Come January, the East Hampton Town Department of Human Services will lose two part-time social workers who work with senior citizens, along with a part-time homemaker and a “community relations assistant.”
At a meeting on Dec. 8, the town board voted to abolish the positions, and the 2012 Human Services Department budget does not contain salaries for the posts.
Yvette M. Morouney, one of the two social workers, expressed concern recently about what would happen after the termination. “I’m concerned about the seniors,” she said, “who really are conveying to me how they need these services.” She said she and her colleague each took care of 19 clients, and made $23,000 a year. The employees were notified about their termination at a meeting on Dec. 5 with Diane Patrizio, the head of the Human Services Department.
A full-time case manager will remain on staff, Ms. Patrizio said last week. “A lot of their work was taken up with data entry,” she said of the two social workers who are leaving.
The addition of clerical staff who will take up that task will enable the case manager to take care of more clients, she said. “We will still be servicing the same amount of people we did before, just in a different fashion,” Ms. Patrizio said.
“Our numbers have gone down a bit; this is just a response to that,” she said. “Services will continue, just in a more efficient fashion.”

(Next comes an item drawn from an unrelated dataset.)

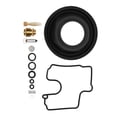 thumbnail image 3 of Kit de reconstrucción de carburador Ticfox para Suzuki VL1500 1998-2004 26 piezas, 3 of 12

In addition, she said, the department also has a full-time Spanish-speaking case manager who will be assigned to work in tandem with the other manager. However, the town board also last week approved a leave of absence for a Spanish-speaking case manager with the department.
Cuts to the Human Services Department staff have been ongoing. Last year, a free after-school program was cut, and staff were trimmed from the senior nutrition and counseling programs. An agreement with the Family Service League was fostered to have that organization provide some services to town residents in exchange for a low-cost lease on a town building for league offices.
Eleven positions in the department were vacated last fall when staffers, including the longtime department head, Edna Steck, took advantage of a retirement incentive program.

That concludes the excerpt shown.